# Plan

OBJECTIVE: we want to train an address NER for German legal text.

we will do this by 
1. cleaning the existing address entity labels
2. building a semi-artificial dataset of real german legal documents with machine-generated addresses labeled and randomly placed among the real text

we will truncate the legal documents so that the model sees short spans of text.

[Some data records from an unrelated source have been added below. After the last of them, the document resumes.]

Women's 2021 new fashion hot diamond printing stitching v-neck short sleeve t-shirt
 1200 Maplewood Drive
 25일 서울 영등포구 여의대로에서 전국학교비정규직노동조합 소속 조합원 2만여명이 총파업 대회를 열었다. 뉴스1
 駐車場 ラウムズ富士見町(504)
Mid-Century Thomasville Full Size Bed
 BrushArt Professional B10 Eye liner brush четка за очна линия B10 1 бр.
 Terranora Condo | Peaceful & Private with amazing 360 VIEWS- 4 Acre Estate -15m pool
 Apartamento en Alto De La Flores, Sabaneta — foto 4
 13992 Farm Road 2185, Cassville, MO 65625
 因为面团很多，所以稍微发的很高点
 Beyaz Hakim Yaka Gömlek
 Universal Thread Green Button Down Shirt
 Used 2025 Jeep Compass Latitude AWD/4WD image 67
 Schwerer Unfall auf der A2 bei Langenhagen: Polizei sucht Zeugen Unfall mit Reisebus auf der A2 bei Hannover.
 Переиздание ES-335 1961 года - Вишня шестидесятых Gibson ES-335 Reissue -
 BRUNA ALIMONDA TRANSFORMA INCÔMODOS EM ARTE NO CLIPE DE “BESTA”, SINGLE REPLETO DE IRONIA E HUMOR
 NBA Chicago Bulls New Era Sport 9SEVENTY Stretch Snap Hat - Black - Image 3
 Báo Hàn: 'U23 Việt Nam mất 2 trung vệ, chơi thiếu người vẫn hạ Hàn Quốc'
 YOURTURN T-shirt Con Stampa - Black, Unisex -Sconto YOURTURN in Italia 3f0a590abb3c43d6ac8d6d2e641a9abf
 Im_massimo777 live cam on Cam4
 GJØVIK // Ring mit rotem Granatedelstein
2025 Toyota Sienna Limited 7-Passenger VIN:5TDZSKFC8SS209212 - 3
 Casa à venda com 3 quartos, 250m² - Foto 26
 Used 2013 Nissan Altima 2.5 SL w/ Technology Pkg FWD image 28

truncation will serve 2 purposes
1. greater training speed 
2. the model is less likely to get conflicting signals from the artificial dataset if we only present a window where we know that there is an address, instead of a whole document where there may be unlabeled addresses

we need to design a strategy that places addresses in contexts where they might actually occur naturally:
- after line breaks
- after periods
- randomly inside sentences. this is harder. We can do randomly, or train a classifier to predict a good place to put an address on the subset of addresses that we have label (this is biased).




# HF Datasets

In [None]:
from datasets import load_dataset

In [None]:
wnut["validation"]["tokens"]

In [None]:
wnut["train"][:2].__class__

In [None]:
wnut["train"]["tokens"].__class__

In [None]:
label_list = wnut["train"].features[f"ner_tags"].feature.names
label_list

In [None]:
from transformers import AutoTokenizer

tokenizer = AutoTokenizer.from_pretrained("distilbert-base-uncased")

In [None]:
example = wnut["train"][0]

In [None]:
tokenized_input = tokenizer(example["tokens"], is_split_into_words=True)
tokens = tokenizer.convert_ids_to_tokens(tokenized_input["input_ids"])
tokens

In [None]:
def shift_label(label):
    """assumes that B-XXX labels are even and 
    that corresponding I-XXX label is the next number"""
    if label % 2 == 1:
        label += 1
    return label

def align_labels_with_tokens(labels, word_ids, subword_strategy="label"):
    assert subword_strategy in ["label", "skip"]
    
    new_labels = []
    current_word = None
    
    for word_id in word_ids:
        if word_id is None:
            new_labels.append(-100)
        elif word_id != current_word:
            # start of a new word
            current_word = word_id
            new_labels.append(labels[word_id])
        else:
            # sub-word
            if subword_strategy == "label":
                new_labels.append(shift_label(labels[word_id]))
            else:
                new_labels.append(-100)
    
    return new_labels

def tokenize_and_align_labels(samples):
    tokenized_inputs = tokenizer(samples["tokens"], truncation=True, is_split_into_words=True)

    labels = []
    for i, label in enumerate(samples[f"ner_tags"]):
        word_ids = tokenized_inputs.word_ids(batch_index=i)  # Map tokens to their respective word.
        labels.append(align_labels_with_tokens(label, word_ids))
    
    tokenized_inputs["labels"] = labels
    return tokenized_inputs

In [None]:
tokenized_wnut = wnut.map(tokenize_and_align_labels, batched=True)


In [None]:
wnut["validation"].map(tokenize_and_align_labels, batched=True)


In [None]:
tokenized_wnut

In [None]:
import numpy as np
from datasets import Dataset 
from torch.utils.data import DataLoader
data = np.random.rand(16)
label = np.random.randint(0, 2, size=16)
ds = Dataset.from_dict({"data": data, "label": label}).with_format("torch")
dataloader = DataLoader(ds, batch_size=3)
for batch in dataloader:
    print(batch)      

In [None]:
from datasets import Split

In [None]:
Dataset.from_dict?